A similar procedure with a simple alteration can be applied to the problem of minimization. What does it mean to bracket a minimum? A root of a function is known to be bracketed by a pair of points, $ a<b$, when the function has opposite sign at those two points. A minimum, by contrast, is known to be bracketed only when there is a triplet of points, $ a<b<c$, such that $ f(b)$ is less than or equal to both $ f(a)$ and $ f(c)$. In this case we know that the function (if it is nonsingular) has a minimum in the interval $ (a,c)$.

The analog of bisection is to choose a new point $ x$, either between $ a$ and $ b$ or between $ b$ and $ c$. Suppose, to be specific, that we make the latter choice. Then we evaluate $ f(x)$. If $ f(b)<f(x)$, then the new bracketing triplet of points is $ a<b<x$; otherwise, if $ f(b)>f(x)$, then the new bracketing triplet is $ b<x<c$. In all cases the middle point of the new triplet is the abscissa whose ordinate is the best minimum achieved so far; see Figure 1.6 . We continue the process of bracketing until the distance between the two outer points of the triplet is sufficiently small.

\includegraphics[width=375pt]{eps/Prob15.ps}
Figure 1.6: Successive bracketing of a minimum.
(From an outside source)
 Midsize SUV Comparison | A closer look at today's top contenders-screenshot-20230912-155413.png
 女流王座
The minimum is originally, bracketed by points $ a_1$, $ b_1$ and $ c_1$. The function is evaluated in the first step at $ x_1$, which becomes $ c_2$, since we rename the bracketing points for the next step to $ a_2$, $ b_2$ and $ c_2$. The second evaluation gives us $ x_2$, which becomes $ c_3$. In the third step the function is evaluated at $ x_3$. This yields a new minimal value, so $ x_3$ becomes $ b_4$, and $ b_3$ becomes $ a_4$. After these three shown steps, the minimum is bracketed by points $ a_4$, $ b_4$ and $ c_4$.
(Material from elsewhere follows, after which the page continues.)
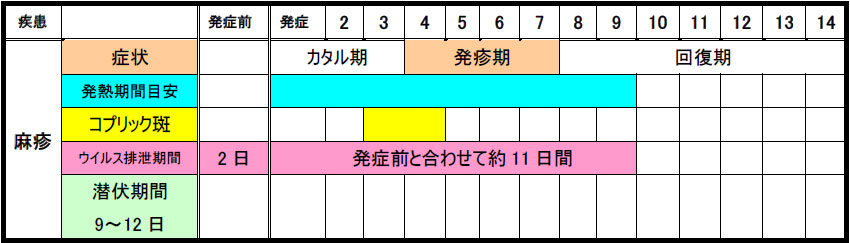 麻しんの臨床経過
How small is ''sufficiently'' small? For a minimum located at a value $ b$, you might naively think that you will be able to bracket it in as small a range as $ (1-\epsilon)b<b<(1+\epsilon)b$, where $ \epsilon$ is your computer's floating point epsilon, a number like $ 3\times10^{-8}$ (single precision) or $ 10^{-15}$ (double precision).1.4

Not so! In general, the shape of your function $ f(x)$ near $ b$ will be given by Taylor's theorem

$\displaystyle f(x)\approx f(b)+f^{\prime}(b)(x-b)+\frac{1}{2}f^{\prime\prime}(b)(x-b)^{2}$ (1.5)

The second term will be 0, since when the function has a minimum at $ b,$ $ f^{\prime}(b)$ will be zero, and the last term will be negligible compared to the first (that is, will be a factor $ \epsilon$ smaller and will act just like zero when added to it) whenever

$\displaystyle \frac{1}{2}f^{\prime\prime}(b)(x-b)^{2}$ $\displaystyle <\varepsilon\cdot f(b)$    
or $\displaystyle (x-b) ^{2}$ $\displaystyle <2\varepsilon\frac{f(b)}{ f^{\prime\prime}(b) }$    

$\displaystyle \frac{\vert x-b\vert}{b}<\sqrt{\epsilon}\sqrt{\frac{2\vert f(b)\vert}{b^{2}f^{\prime\prime}(b)}}$ (1.6)

The reason for writing the inequality in this way is that the left hand side is the relative error in $ x$, and that for most functions, the final square root is a number of order unity. Therefore, as a rule of thumb, it is hopeless to ask for bracketing with a width of less than $ O(\sqrt{\epsilon})
$. Knowing this inescapable fact will save you a lot of useless bisection!

The minimum-finding routines of this chapter will often call for a user-supplied argument $ \tau$, and return with an abscissa whose fractional precision is about $ \pm\tau$ (bracketing interval of fractional size about $ 2\tau$). Unless you have a better estimate for the right-hand side of equation (1.6), you should set $ \tau$ equal to (not much less than) the square root of your machine's floating precision, since smaller values will gain you nothing.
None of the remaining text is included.